Hacker Newsnew | past | comments | ask | show | jobs | submitlogin
ChrysaLisp (github.com/vygr)
121 points by ngcc_hk on Jan 13, 2020 | hide | past | favorite | 61 comments



Thanks again folks for the interest. You catch me yet again when I’m at work but I’ll try answer question in an hour or so once I get home. Regards to all. Chris


Just a quick comment till I can get home. There are three main layers of in use. The more Lisp like layer in apps/ and cmd/. The lowest level VP assembler and an assembler with stack variables and expression compiler I call C-Script. This is my hobby and a follow up to Taos that I did back in the 90’s. See ‘Virtual Processor’ page on Wikipedia for link articles of various scans from back then. Got to head into the car now.....


Taken from the documenation:

Lisp

It's probably worth a few words specifically about the included Lisp and how it works, and how many rules it breaks ! The reason for doing the Lisp was to allow me to create an assembler to replace NASM, I was not concerned with sticking to 'the lisp way', or whatever your local Lisp guru says. No doubt I will have many demons in hell awaiting me...

First of all there is no garbage collector by choice. All objects used by the Lisp are reference counted objects from the class library. Early on the Lisp was never going to have a problem with cycles because it had no way to create them, but as I developed the assembler I decided to introduce two functions, push and elem-set, that could create cycles. However the efficiency advantage in coding the assembler made me look the other way. There are now other ways that a cycle can be created, by naming an environment within its own scope, but again this was too good an efficiency feature to miss out on. So you do have to be careful not to create cycles, so think about how your code works.

No tail recursion optimization ! There is a single looping function provided in native code, while, every other looping construct builds on this primitive. There are also two native primitives some! and each! that provide generic access to iterating over a slice of a sequence/s, while calling a function on the grouped elements. Standard some and each are built on these but they also allow other constructs to be built and gain the advantage of machine coded iteration. I try to stick to a functional approach in my Lisp code, and manipulate collections of things in a functional way with operations like map, filter, reduce, each etc.
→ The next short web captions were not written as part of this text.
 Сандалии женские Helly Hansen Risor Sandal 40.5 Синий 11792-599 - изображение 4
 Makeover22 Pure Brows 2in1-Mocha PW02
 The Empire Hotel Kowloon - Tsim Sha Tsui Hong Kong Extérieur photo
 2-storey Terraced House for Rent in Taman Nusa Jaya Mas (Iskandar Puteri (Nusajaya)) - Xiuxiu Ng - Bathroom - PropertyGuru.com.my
I've not found the lack of tail recursion a problem.

All symbols live in the same environment, functions, macros, everything. The environment is a chain of hash maps. Each lambda gets a new hash map pushed onto the environment chain on invocation, and dereferenced on exit. The env function can be used to return the current hash map and optionally resize the number of buckets from the default of 1. This proves very effective for storing large numbers of symbols and objects for the assembler as well as creating caches. Make sure to setq the symbol you bind to the result of env to nil before returning from the function if you do this, else you will create a cycle that can't be freed.
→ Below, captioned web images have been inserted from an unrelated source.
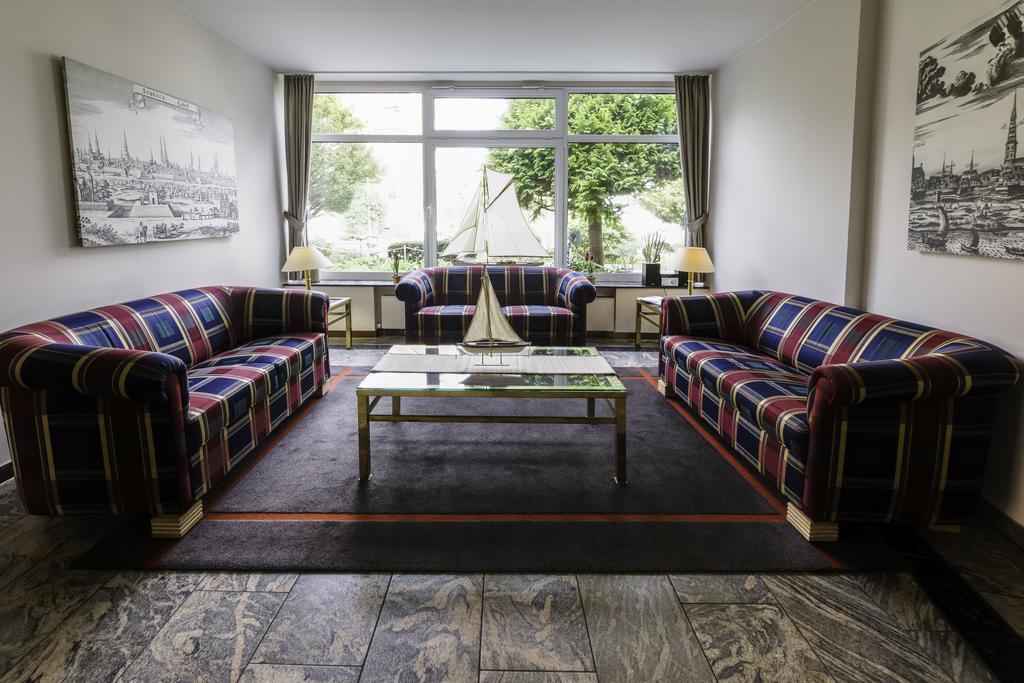 Michels Hanseatic Hotel Norderney Zewnętrze zdjęcie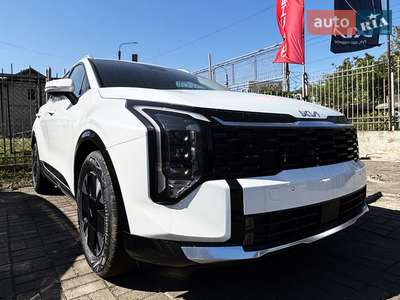 Kia Sportage 2025 Prestige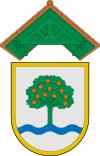 Coat of arms of San Martín del Tesorillo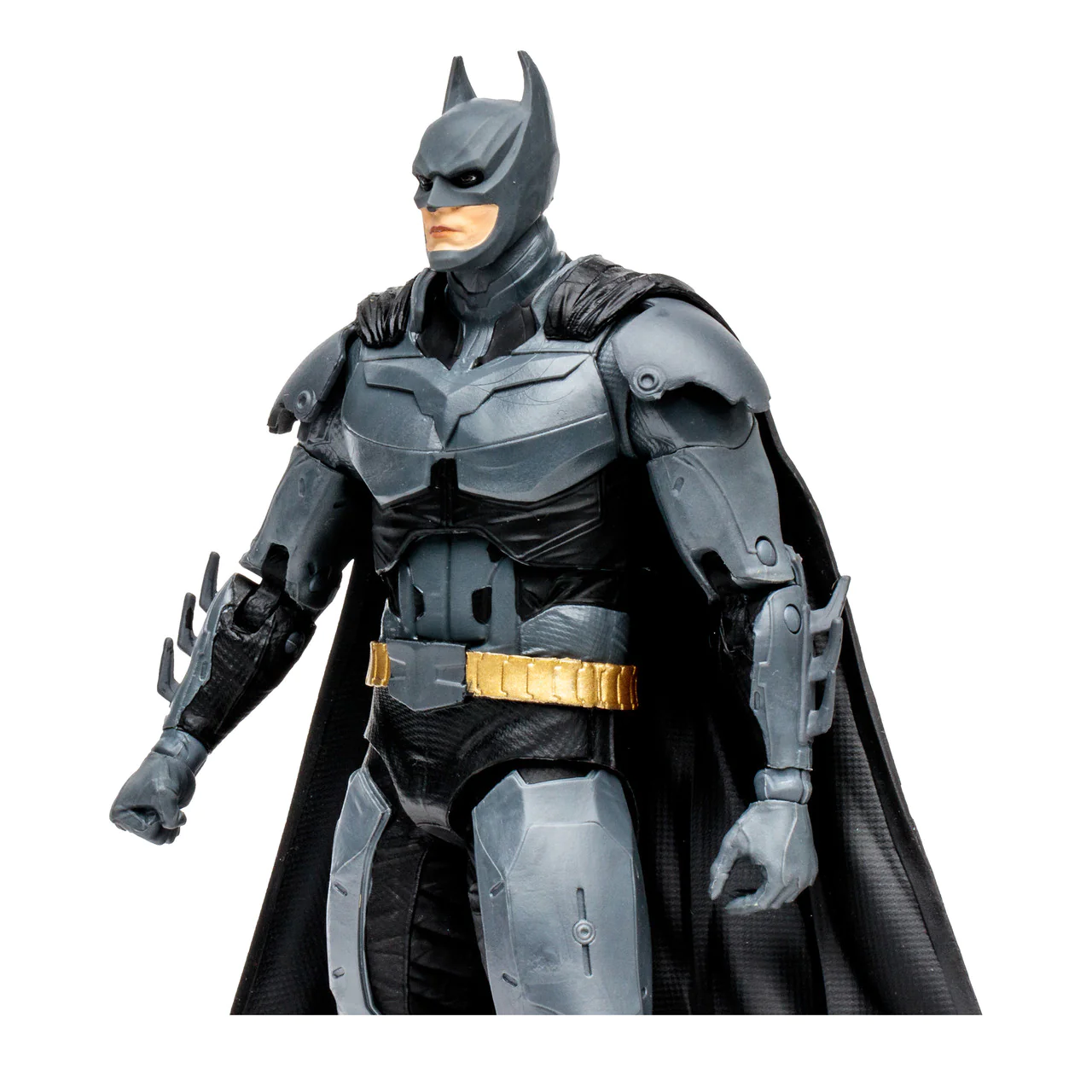 McFarlane Toys - Batman W/Injustice 2 Comic (DC Page Punchers) 7 Inch Figure - Image 6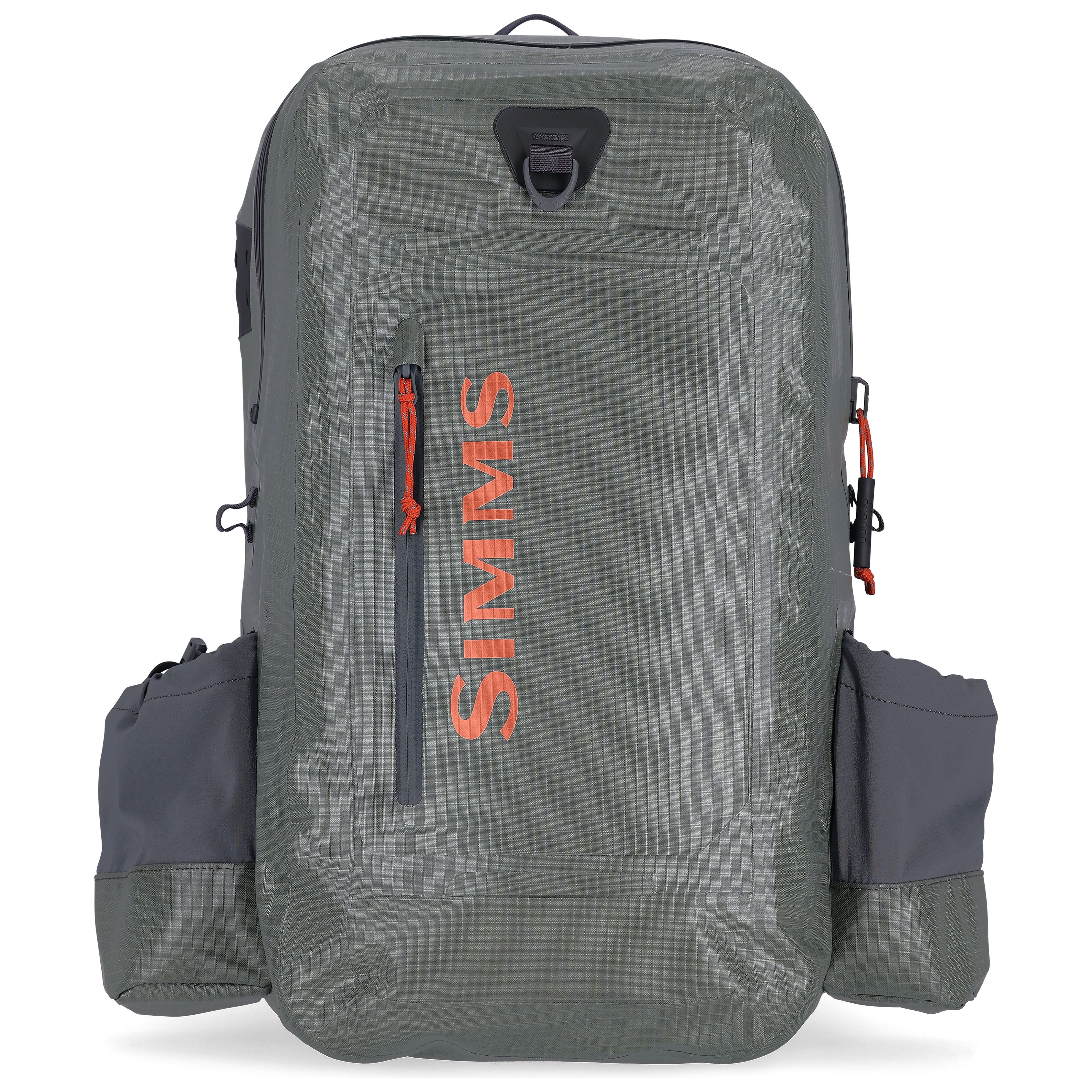 Simms Dry Creek Z Backpack Olive Image 01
defq and bind always create entries in the top environment hash map. setq searches the environment chain to find an existing entry and sets that entry or fails with an error. This means setq can be used to write to symbols outside the scope of the current function. Some people don't like this, but used wisely it can be very powerful. Coming from an assembler background I prefer to have all the guns and knives available, so try not to shoot your foot off.

There is no cons, cdr or car stuff. Lists are just vector objects and you use push, cat, slice etc to manipulate elements. Also an empty list does not evaluate to nil, it's just an error.

Function and macro definitions are scoped and visible only within the scope of the declaring function. There is no global macro list. During macro expansion the environment chain is searched to see if a macro exists.


This is cool, but the code is... strange? https://github.com/vygr/ChrysaLisp/blob/master/gui/canvas/tg...

The code doesn’t look like Lisp at all. Is this some sort of lower assembler language that Lisp is implemented on top of?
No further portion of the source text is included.